Noch ein praktisches Beispiel: Vor einiger Zeit stellte ich eine Kleine Anfrage, wieso die WINSTONgolf-Anlage nahe Schwerin mehr als 4,5 Millionen Euro Fördermittel erhielt. Die Landesregierung antwortete, dass damit seit 2012 genau 26 Dauerarbeitsplätze neu geschaffen wurden. Die Golfanlage wurde um einen Platz und ein Gebäude erweitert. Nach Adam Riese investierte die Landesregierung somit etwa 175.000 Euro, um einen Arbeitsplatz zu schaffen.

(Sebastian Ehlers, CDU: Für Touristen! Die bringen Geld ins Land.)

Überprüft wird das übrigens nur für fünf Jahre. 2018 kann diese Arbeitskraft dann theoretisch wieder entlassen werden. Na ja, was soll man dazu sagen?!

(Jochen Schulte, SPD: Das kann Ihnen auch passieren nach fünf Jahren.)

Jeder Dönerladen und jede Schneiderei könnte wahrscheinlich mit einem Geldgeschenk von 175.000 Euro eine weitere Person über fünf Jahre einstellen, vielleicht aber auch mehr.

(Zuruf von Christian Brade, SPD)

Ein weiteres Argument der Landesregierung war, dass sich die Zahl der Golf spielenden Touristen in den vergangenen zehn Jahren in Mecklenburg fast verdoppelt hat. Das ist eine typische Beispielantwort der Regierung aus der Rubik „Tricksen mit Zahlen“. Hier findet eine statistische Erweiterung statt. Es wird eine riesige Zeit

spanne erwähnt, es wird von einer spezifischen Anlage auf alle Golfplätze abgelenkt,

(Wolfgang Waldmüller, CDU: Steuergelder.)

es wird über ganz Mecklenburg-Vorpommern geredet und nichts davon erwähnt, ob die Übernachtenden nur des Golfens wegen herkamen oder es nebenbei taten.

(Unruhe bei Christian Brade, SPD, und Wolfgang Waldmüller, CDU)

Deshalb unser Antrag, in dem wir fordern, erstens die Vergabe von Fördermitteln in Zukunft nur an Firmen mit Hauptsitz in Mecklenburg-Vorpommern zu vergeben, zweitens die Förderung von Großunternehmen im Sinne der EU-Definition, keine Förderung der Großunternehmen im Sinne von EU …

(Minister Dr. Till Backhaus und Minister Harry Glawe: Na, wat denn nu?)

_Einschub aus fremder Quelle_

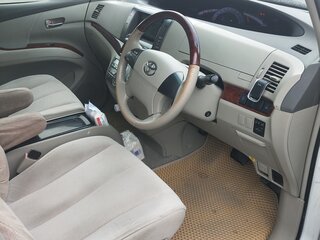 2011 Toyota Estima III Рестайлинг, белый, 870000 рублей, вид 4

Jetzt habe ich mich verhaspelt.

… ja, genau, zweitens keine Förderung von Großunternehmen im Sinne der EU-Definition – war doch richtig –,

(Jochen Schulte, SPD: Das ist schon schlecht, wenn es aufgeschrieben wird.)

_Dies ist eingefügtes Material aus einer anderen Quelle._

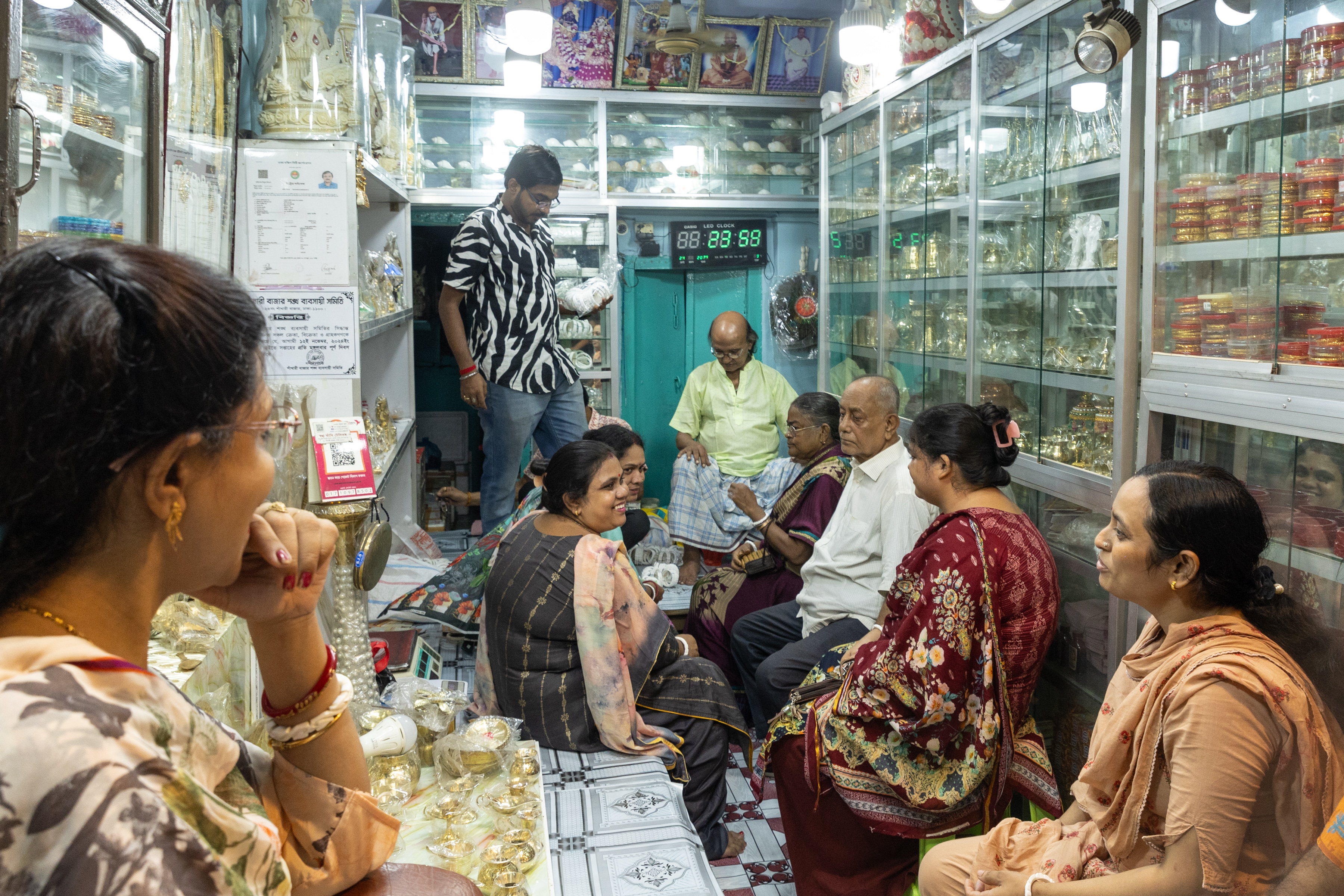 Vibrant puja culture of Shankhari Bazar: Where tradition meets tomorrow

drittens, private Verlage, Medien, Radio- und TV-Sender und Druckereien, Ferienwohnungen und Versandhändler sind ab sofort förderfähig, viertens, die Zuschusshöchstgrenze mit einer Arbeitsplatzgarantie von zehn Jahren und fünftens, und das ist ganz wichtig, eine öffentliche Datenbank zur Schaffung von Transparenz. Jeder soll einsehen können, wer hier das Fördergeld bekommt und was er damit macht.

Darum bitte ich um Zustimmung zu unserem Antrag. – Vielen Dank.

(Beifall vonseiten der Fraktion der AfD)

Im Ältestenrat ist vereinbart worden, eine Aussprache mit einer Dauer von bis zu 60 Minuten vorzusehen. Ich sehe und höre dazu keinen Widerspruch, dann ist das so beschlossen. Ich eröffne die Aussprache.

Ums Wort gebeten hat zunächst der Minister für Wirtschaft, Arbeit und Gesundheit. Herr Minister Glawe, Sie haben das Wort.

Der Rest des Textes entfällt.